Regarding the politically charged dictation of content, Castells remarks, “The networks themselves reflect and create distinctive cultures. Both they and the traffic they carry are largely outside national regulation. Our dependence on the new modes of informational flow gives to those in a position to control them enormous power to control us. The main political arena is now the media, and the media are not politically answerable” (p. 34).

McChesney adds how these practices also lead to an issue he considers the “personalization bubble” or what he specifically alludes to as the “filter bubble” (p.157). Users are trapped in an experience they believe to be unique or new but is perpetuated by the same content delivery—just done differently (p. 70).

McChesney references Eli Pariser’s The Filter Bubble: How the New Web is Changing What We Read and How We Think when stating, “Pariser’s Filter Bubble documented how the Internet is quickly becoming a personalized experience wherein people get different results on Google searches for identical queries, based on their history” (p.157).

When Netflix Intervenes

In his talk, Jebara claimed that “prediction is valuable but actual intervention is what we want to understand.” Their algorithms are two-fold—ensuring that experiences are uniquely specific without providing recommendations that are too specific, which may lead to either a negative user experience and a potential unsubscribe from the service.

We’ve all experienced moments of interacting with a digital platform that, over time and with enough data aggregation, begins to recommend content or display ads across devices and sites outside the ownership of the originating platform. If frightened enough, we may have even gone as far as to deleting our browser cookies, adjusting our privacy settings or even unsubscribing from the service.

Algorithm Feedback

Jebara mentioned that a multitude of mixed-method machine learning algorithms are implemented to hone everything from predictive analytics and image curation to user-enforced restrictions and feedback mechanisms.
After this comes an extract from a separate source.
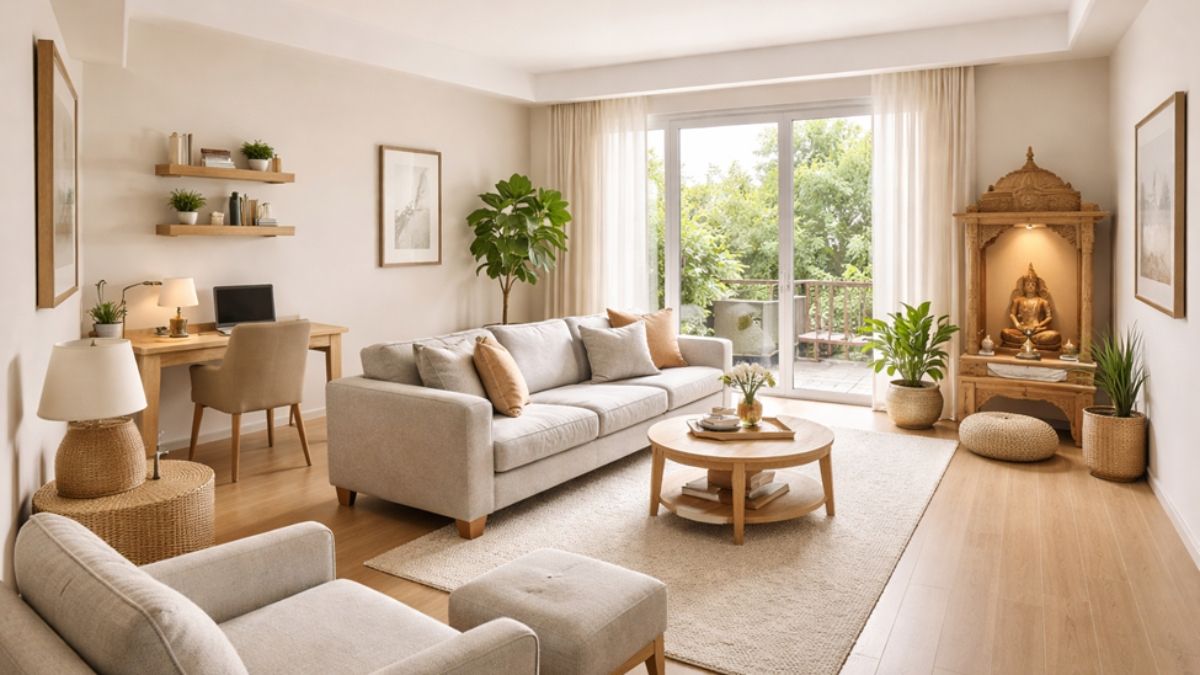 Harmony At Home: Designing Living Spaces That Balance Style And Functionality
Jebara described their method take rate as a curatorial feedback strategy which tests different personalization experiences on several users to determine which of the content shown resulted in an actual viewing.

This strategy uniquely prefers the measurement of the number of viewers that strategy worked for over the number of viewers a specific piece of content was shown to. Jebara noted this method enables Netflix experts to learn from users by letting them show what content they prefer and in which ways they’re drawn to recommendations.

User Generated Feedback

This is a major shift from their previous user experience of providing users with the ability to ranking rank content using a star ranking system. Overtime and through observation, Netflix realized they couldn’t rely on that ranking system as a source of truth for which content users ranked highly versus which they’d prefer to watch. Jebara added users were not truthful in their telling of which content they preferred. Shifting away from user interaction to user observation has enabled a greater foundation for developing recommendation systems.
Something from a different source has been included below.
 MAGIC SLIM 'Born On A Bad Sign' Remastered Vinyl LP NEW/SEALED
As content personalization algorithms advance, consumers will become a more passive actor in teaching content personalization algorithms. Every attempt at restricting interaction with such algorithms will lead only to yet another loophole identified by machine learning experts. How those companies manage those algorithms and exploit those loopholes are examples of the digital power dynamic which exists between the content generators and the content consumers.


Berkowitz, Joe. “Is Netflix racially personalizing artwork for its titles?One writer’s experience with Netflix’s title art has us wondering whether the company is quietly using race in its algorithm for visually recommending films”. Fast Company (2018).

Castells, Manuel. The Information Age: Economy, Society, and Culture. Wiley-Blackwell (2010).

Chmielewski, Dawn C. “Netflix’s Use of Artwork Personalization Attracts Online Criticism”. Deadline (2018).

McChesney, Robert W. Digital Disconnect. The New Press (2013): 63-171.